Virtual Machine: The initial virtual machine failed to start or execute the deployment script.
Occasionally in cloud environments, virtual machines fail their health checks and cannot start. Delete the deployment and start over.
Role Assignments: The deployment has started, but is unable to create role assignments.
Role assignments must have unique names within the entire subscription and are generated using the virtual machine and resource group names. Delete this deployment, start over, and then provide a new, unique “Project Name” in the marketplace deployment UI.
Ensure you have permissions to create role assignments within your subscription.
AKS Cluster: The cluster fails to create.
The cluster takes time to build. If the deployment completes and you still have no AKS cluster, review the run_command stderr logs on the virtual machine. A common problem is the unavailability of GPU instances. Check your regional quotas for A10_V5 instance type.

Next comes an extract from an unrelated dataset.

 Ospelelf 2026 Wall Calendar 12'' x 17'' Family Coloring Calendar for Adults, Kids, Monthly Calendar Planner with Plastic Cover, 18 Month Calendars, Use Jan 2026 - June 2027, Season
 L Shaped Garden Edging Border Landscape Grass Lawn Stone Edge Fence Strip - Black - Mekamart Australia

Instance Type and Public IP Minimum Availability Count:
Standard_d2s_v3: 2
Standard_D8s_v3: 1
Standard_NV36ads_A10_v5: 2
Public IP Addresses: 2 (minimum)
Omniverse Resources: Deployment fails to create Omniverse resources.
If the deployment completes and you do not see any Omniverse workloads in the AKS cluster, check the run_command logs on the virtual machine (see Virtual Machine Deployment Logs). This may be because the NGINX load balancer creation timed out. If this occurs, delete the deployment and all the resources in the resource group and start over.

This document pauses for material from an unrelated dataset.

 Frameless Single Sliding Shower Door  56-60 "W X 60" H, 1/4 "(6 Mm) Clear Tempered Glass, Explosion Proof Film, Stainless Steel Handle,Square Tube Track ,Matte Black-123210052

Virtual Machine Deployment Logs#
If you see no directory inside of /var/lib/waagent/
called ‘run-command-handler’, it likely means that the VM itself failed its health check. Delete the resource group and start over.

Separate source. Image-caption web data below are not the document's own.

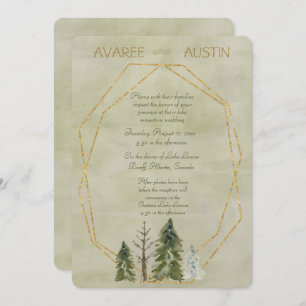 Wedding In the Pines Green and Gold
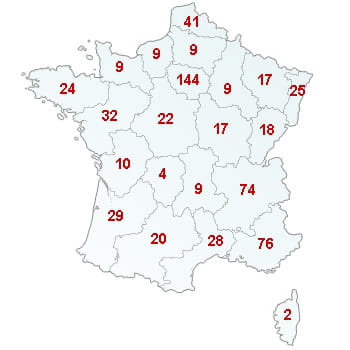 en rouge, le nombre de défaillances dans le secteur par région.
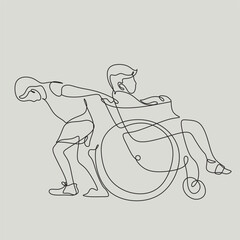 Line art small boy helps a boy in a wheelchair. disabled child line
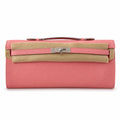 Kelly cut 31 clutch epsom milkshake powder silver buckle in stock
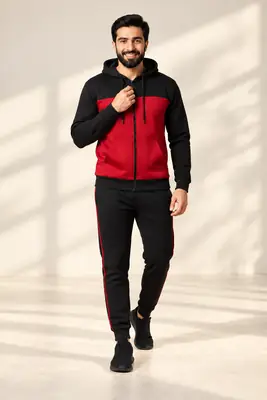 2 Pcs Men's Fleece Plain Zipper Track Suit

Obtain the virtual machine IP Address from the Azure portal. It will have the same name as the project name you specified. (The admin username and password for logging into the virtual machine were specified during the initial deployment steps.)
Enter
ssh <username>@<IP>
, type in ‘yes’ when prompted, and then enter the password when prompted.Once you are logged into the virtual machine, type
sudo su
to become the root user. The error logs will be inside of/var/lib/waagent/run-command-handler/download/customScript<projectname>/0/stderr
.To see the parameters of the script that you ran, enter:
cat /var/lib/waagent/run-command-handler/download/customScript<projectname>/0/script.sh
To see the output of the script that you ran, enter:
cat /var/lib/waagent/run-command-handler/download/customScript<projectname>/0/stdout.sh
Kubernetes Deployment#
NVIDIA Container Registry API Key: You can test the validity of your NGC API Token Key by following the steps to create one, using it to log in to NVIDIA Docker Repository
nvcr.io
with Docker login, and then attempting to do a Docker pull locally for a Kit app container. For example:docker pull nvcr.io/nvidia/omniverse/kit-appstreaming-rmcp:1.9.0
If you are seeing “Image Pull Backoff” for the kit-app pods, it likely means that the NGC API Token Key was not able to log into the
nvcr.io
repository:Kubectl --cluster <AKS-CLUSTER-NAME> --namespace omni-streaming get pods -o wide NAME READY STATUS RESTARTS AGE IP NODE NOMINATED NODE READINESS GATES applications-b95996b7f-ckxw6 0/2 ImagePullBackOff 0 104m 10.244.3.15 aks-gpupool-24796148-vmss000001 <none> <none> memcached-0 1/1 Running 0 105m 10.244.0.206 aks-cachepool-24796148-vmss000000 <none> <none> rmcp-6d65cdd765-ctgfp 0/1 ImagePullBackOff 0 104m 10.244.1.175 aks-agentpool-24796148-vmss000000 <none> <none> streaming-7bdbcc6475-smnwk 0/1 ImagePullBackOff 0 104m 10.244.2.69 aks-gpupool-24796148-vmss000000 <none> <none>
Web Viewer: If the Web Viewer fails to load the image from kit-app pod:
View the logs from the kit-app pod that the web viewer creates.
If you see a message about CUDA memory, check the annotations of the GPU node it is running on (
kubectl get node <node name> -o yaml
). The GPU operator version should be535.161.08
. If it is not, it is possible the GPU operator failed to install or was overwritten. Delete this deployment and start over. If the issue continues, file a ticket with Azure Technical Support and verify the GPU operator installed on A10_V5 family is correct.